Section 2. Respect for Civil Liberties, Including:
a. Freedom of Speech and Press
The law provides for freedom of speech and press, and the government generally respected these rights in practice. An independent press, an effective judiciary, and a functioning democratic political system combined to ensure freedom of speech and press. The law stipulates imprisonment for any journalist who, despite a court order, refuses to reveal a confidential source upon request from a member of the public. However, there was no court case invoking this law.
In 2011 the government ordered the Law Reform Commission to examine the need for a body to regulate the media and to make recommendations for the establishment of such a body. The Commission submitted a final report from this inquiry to the prime minister in June. The report recommended setting up a media body made up of representatives from media organizations and the public to regulate the media.

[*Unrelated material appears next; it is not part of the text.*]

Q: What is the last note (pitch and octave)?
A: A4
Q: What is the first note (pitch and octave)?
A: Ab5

There were no government restrictions on access to the Internet or credible reports that the government monitored e-mail or Internet chat rooms without appropriate legal authority. Individuals and groups could engage in the expression of views via the Internet, including by e-mail. Internet access was readily available in and around Apia and throughout most of the country via cellular technology. Cost of access limited Internet activity for much of the population.

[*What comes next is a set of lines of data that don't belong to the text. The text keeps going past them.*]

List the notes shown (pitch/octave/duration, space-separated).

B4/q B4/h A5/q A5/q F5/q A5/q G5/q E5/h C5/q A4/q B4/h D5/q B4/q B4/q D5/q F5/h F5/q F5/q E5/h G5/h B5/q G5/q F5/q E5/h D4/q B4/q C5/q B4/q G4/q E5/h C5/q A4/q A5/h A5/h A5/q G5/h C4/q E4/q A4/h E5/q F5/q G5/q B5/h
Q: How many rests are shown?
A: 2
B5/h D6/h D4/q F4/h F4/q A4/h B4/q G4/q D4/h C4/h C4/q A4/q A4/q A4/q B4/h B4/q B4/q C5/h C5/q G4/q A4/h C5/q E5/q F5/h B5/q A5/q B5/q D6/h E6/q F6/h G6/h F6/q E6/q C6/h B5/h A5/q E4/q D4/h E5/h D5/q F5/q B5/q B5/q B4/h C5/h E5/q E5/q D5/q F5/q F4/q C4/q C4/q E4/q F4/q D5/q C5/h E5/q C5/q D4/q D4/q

Academic Freedom and Cultural Events
The government generally did not restrict academic freedom or cultural events.
b. Freedom of Peaceful Assembly and Association
The constitution provides for freedom of assembly and association, and the government generally respected these rights in practice.
c. Freedom of Religion
See the Department of State's International Religious Freedom Report.
d. Freedom of Movement, Internally Displaced Persons, Protection of Refugees, and Stateless Persons
The constitution provides for freedom of internal movement, foreign travel, emigration, and repatriation, and the government generally respected these rights in practice. However, traditional law governs villages, and village councils regularly banned citizens from village activities or banished citizens from the village for failing to conform to village laws or obey local council rulings. Cases of village banishment were rarely made public. Of those cases that became known during the year, reasons for banishment included murder, rape, adultery, and unauthorized claims to land and matai title. There were reports of villages banning religious activities of villagers who do not belong to the "designated" village faith. In some cases civil courts overruled banishment orders, and some village councils reportedly refused to observe those orders. Some banished persons were accepted back into the village after performing a traditional apology ceremony.
Protection of Refugees
Access to Asylum: The country's laws provide for the granting of refugee status, but the government has not established a system for providing protection to refugees. No such requests arose during the year.
Section 3. Respect for Political Rights: The Right of Citizens to Change Their Government
The constitution provides citizens the right to change their government peacefully, and citizens exercised this right in practice through periodic, free, and generally fair elections based on universal suffrage.
Elections and Political Participation
Political Parties: While the constitution gives all citizens above age 21 the right to vote and run for office, by social custom candidates for 47 of the 49 seats in parliament are drawn from the approximately 17,000 leaders of extended families, who are selected by family agreement. Although both men and women may become family leaders, only 10.5 percent were women. Matai control local governments through the village councils, and their titles are determined by appointment rather than direct election.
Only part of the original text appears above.